*** Data for the task ***

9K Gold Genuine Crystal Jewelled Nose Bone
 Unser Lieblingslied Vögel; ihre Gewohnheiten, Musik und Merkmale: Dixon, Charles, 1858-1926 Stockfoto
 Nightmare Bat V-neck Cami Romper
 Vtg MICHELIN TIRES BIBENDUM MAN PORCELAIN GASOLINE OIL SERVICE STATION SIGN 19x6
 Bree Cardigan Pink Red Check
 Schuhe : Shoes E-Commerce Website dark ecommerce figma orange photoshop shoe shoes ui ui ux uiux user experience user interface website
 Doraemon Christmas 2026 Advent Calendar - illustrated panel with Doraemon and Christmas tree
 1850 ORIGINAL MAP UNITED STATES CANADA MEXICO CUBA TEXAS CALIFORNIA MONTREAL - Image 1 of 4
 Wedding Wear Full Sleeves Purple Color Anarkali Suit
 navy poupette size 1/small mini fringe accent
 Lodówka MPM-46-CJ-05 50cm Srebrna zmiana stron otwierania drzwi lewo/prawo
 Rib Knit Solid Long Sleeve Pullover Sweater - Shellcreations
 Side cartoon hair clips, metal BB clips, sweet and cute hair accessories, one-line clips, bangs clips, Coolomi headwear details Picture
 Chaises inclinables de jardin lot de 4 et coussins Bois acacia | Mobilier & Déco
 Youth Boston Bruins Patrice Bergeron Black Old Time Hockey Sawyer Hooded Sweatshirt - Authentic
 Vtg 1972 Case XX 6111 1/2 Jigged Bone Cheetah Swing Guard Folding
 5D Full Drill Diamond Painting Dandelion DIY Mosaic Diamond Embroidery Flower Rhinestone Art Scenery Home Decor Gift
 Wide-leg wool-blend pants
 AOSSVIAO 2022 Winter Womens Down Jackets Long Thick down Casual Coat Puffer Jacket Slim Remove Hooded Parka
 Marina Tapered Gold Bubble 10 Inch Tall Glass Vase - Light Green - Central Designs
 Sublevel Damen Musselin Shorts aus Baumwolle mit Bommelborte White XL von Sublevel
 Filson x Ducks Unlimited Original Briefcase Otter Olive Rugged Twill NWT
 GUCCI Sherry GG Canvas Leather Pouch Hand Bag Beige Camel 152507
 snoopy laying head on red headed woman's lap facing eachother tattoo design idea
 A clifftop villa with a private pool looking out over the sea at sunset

*** End of Data for the task ***

> [Exercise instructions]: Restate word for word the lines in the material above from the one with "Nightmare Bat V-neck Cami Romper" to the one with "Side cartoon hair"; both of those lines count, and nothing else does.

> [The completed task]:
 Nightmare Bat V-neck Cami Romper
 Vtg MICHELIN TIRES BIBENDUM MAN PORCELAIN GASOLINE OIL SERVICE STATION SIGN 19x6
 Bree Cardigan Pink Red Check
 Schuhe : Shoes E-Commerce Website dark ecommerce figma orange photoshop shoe shoes ui ui ux uiux user experience user interface website
 Doraemon Christmas 2026 Advent Calendar - illustrated panel with Doraemon and Christmas tree
 1850 ORIGINAL MAP UNITED STATES CANADA MEXICO CUBA TEXAS CALIFORNIA MONTREAL - Image 1 of 4
 Wedding Wear Full Sleeves Purple Color Anarkali Suit
 navy poupette size 1/small mini fringe accent
 Lodówka MPM-46-CJ-05 50cm Srebrna zmiana stron otwierania drzwi lewo/prawo
 Rib Knit Solid Long Sleeve Pullover Sweater - Shellcreations
 Side cartoon hair clips, metal BB clips, sweet and cute hair accessories, one-line clips, bangs clips, Coolomi headwear details Picture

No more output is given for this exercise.